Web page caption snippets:
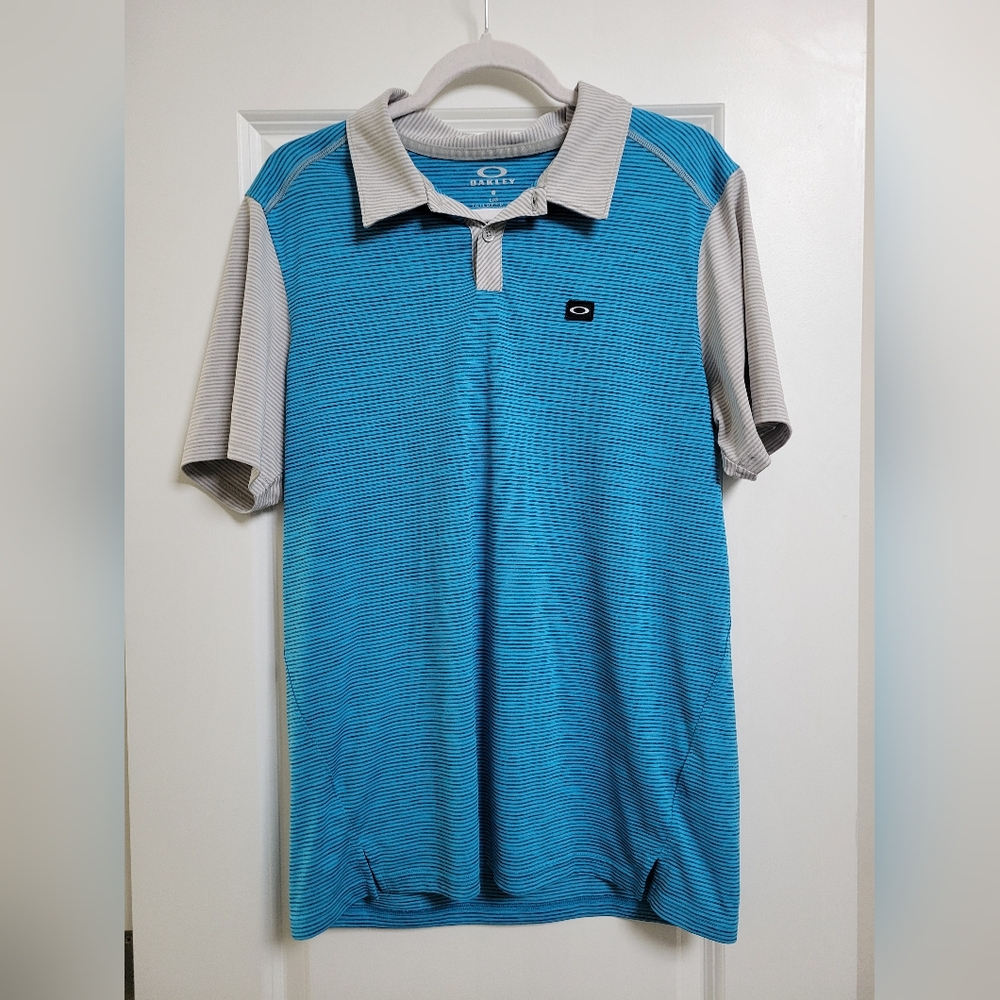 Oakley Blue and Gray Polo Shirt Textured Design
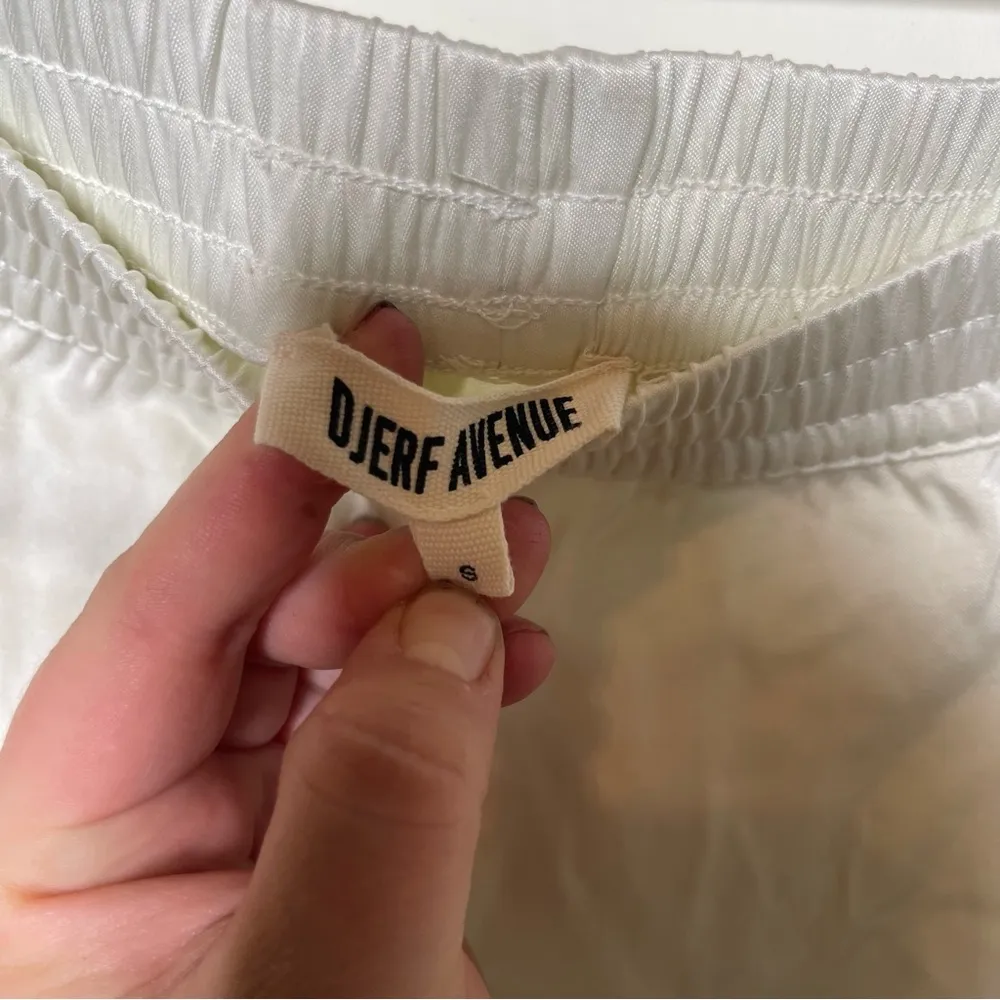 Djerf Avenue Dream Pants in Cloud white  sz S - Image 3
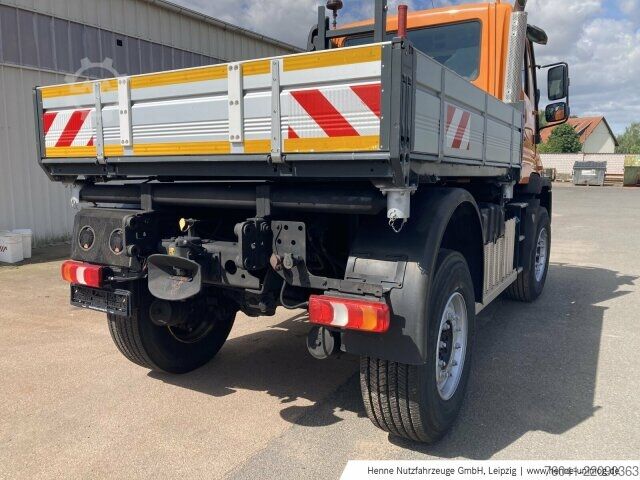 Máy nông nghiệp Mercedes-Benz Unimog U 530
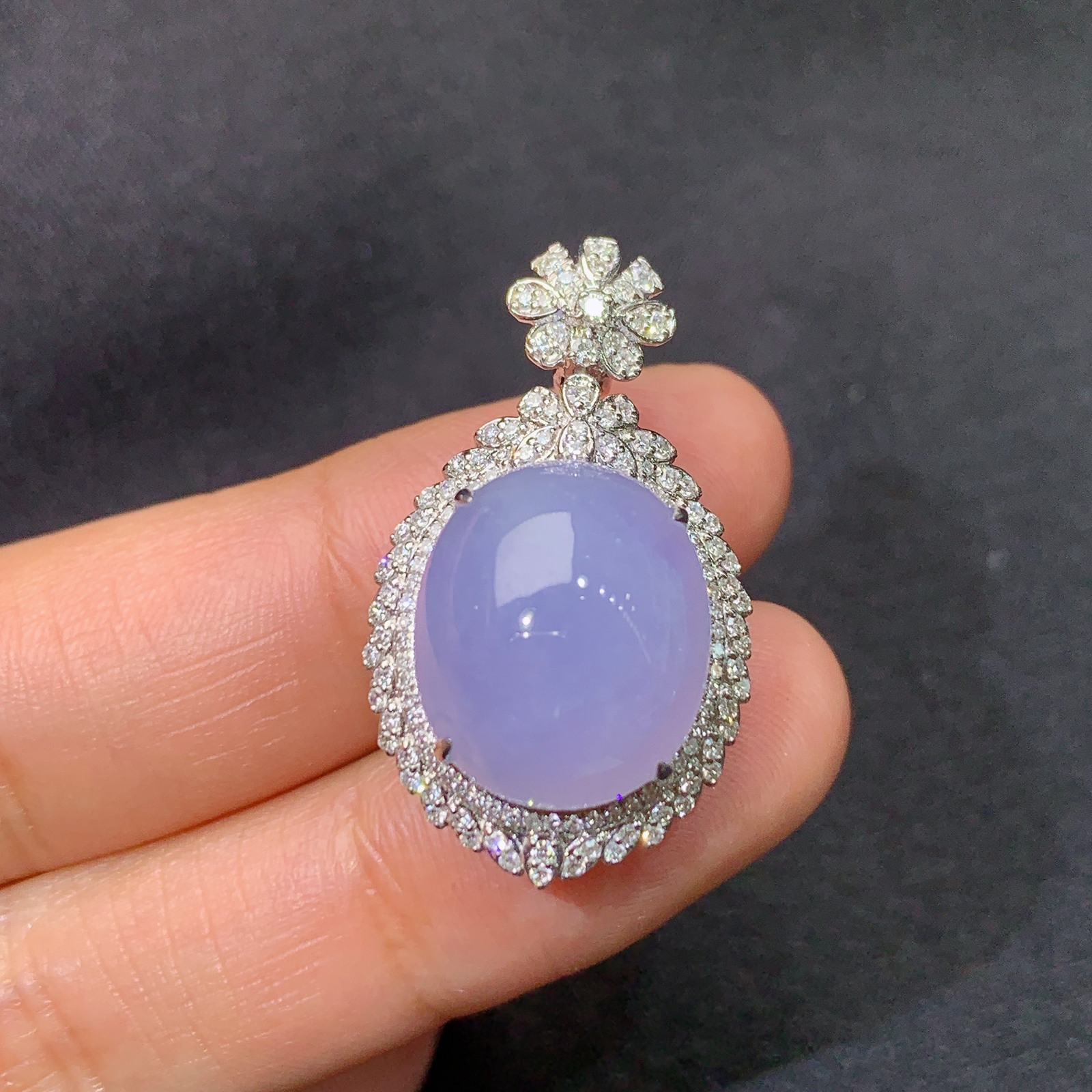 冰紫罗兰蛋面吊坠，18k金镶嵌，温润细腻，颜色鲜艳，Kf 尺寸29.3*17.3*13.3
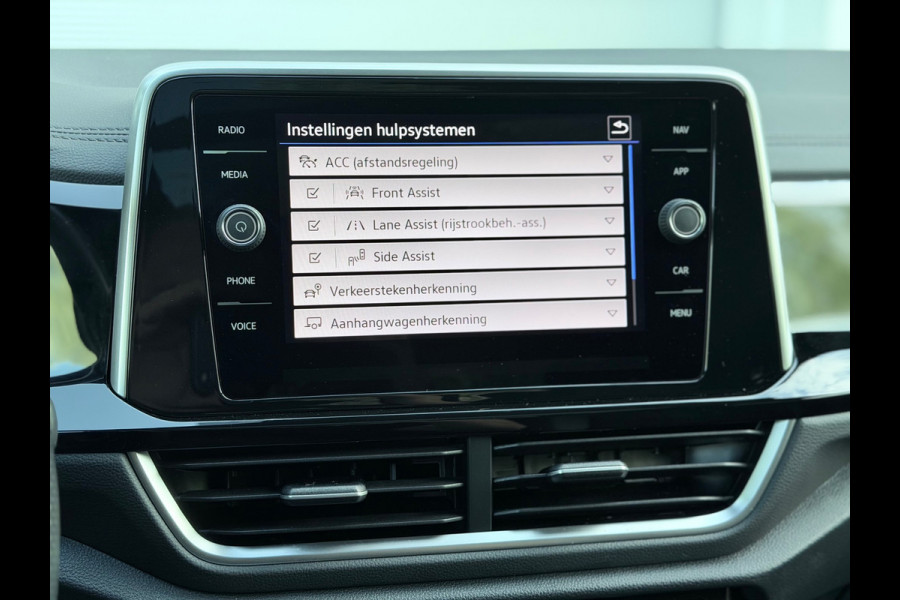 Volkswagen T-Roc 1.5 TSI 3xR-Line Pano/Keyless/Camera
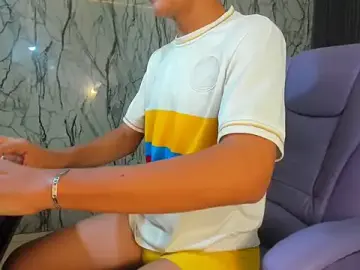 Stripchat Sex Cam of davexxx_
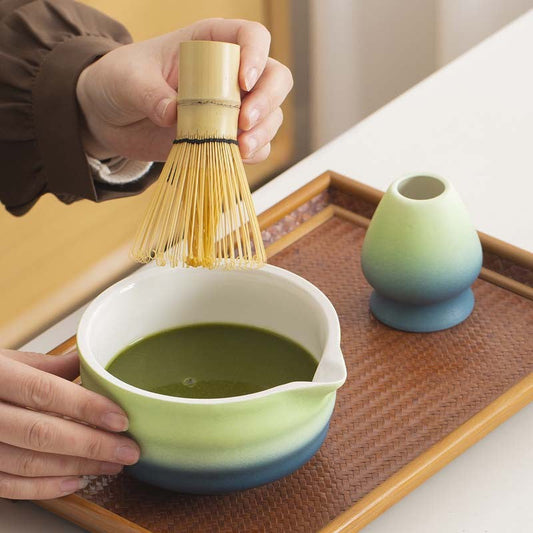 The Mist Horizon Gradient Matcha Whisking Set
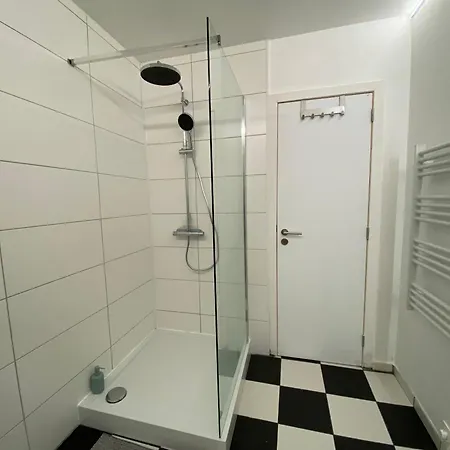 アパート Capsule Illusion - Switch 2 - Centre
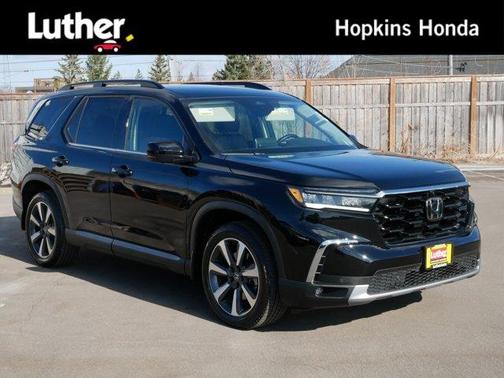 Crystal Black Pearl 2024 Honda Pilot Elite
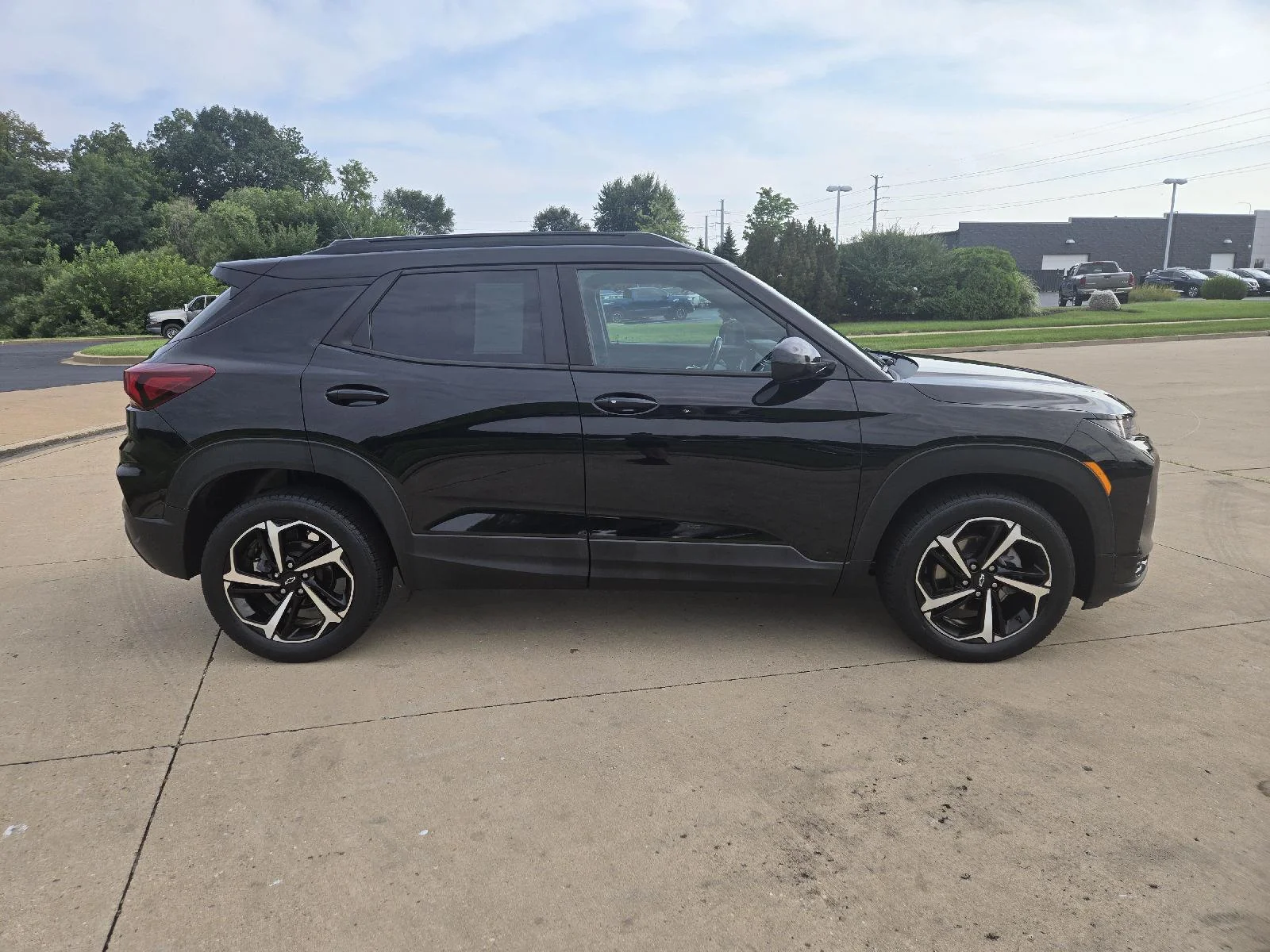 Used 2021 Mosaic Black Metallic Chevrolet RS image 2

Exercise goal: Going by the data above, give back only the lines from the one containing "Máy nông nghiệp Mercedes-Benz Unimog U 530" through the one containing "Crystal Black Pearl 2024 Honda Pilot Elite", exactly as they stand, both ends included and no images.

Expected output:
 Máy nông nghiệp Mercedes-Benz Unimog U 530
 冰紫罗兰蛋面吊坠，18k金镶嵌，温润细腻，颜色鲜艳，Kf 尺寸29.3*17.3*13.3
 Volkswagen T-Roc 1.5 TSI 3xR-Line Pano/Keyless/Camera
 Stripchat Sex Cam of davexxx_
 The Mist Horizon Gradient Matcha Whisking Set
 アパート Capsule Illusion - Switch 2 - Centre
 Crystal Black Pearl 2024 Honda Pilot Elite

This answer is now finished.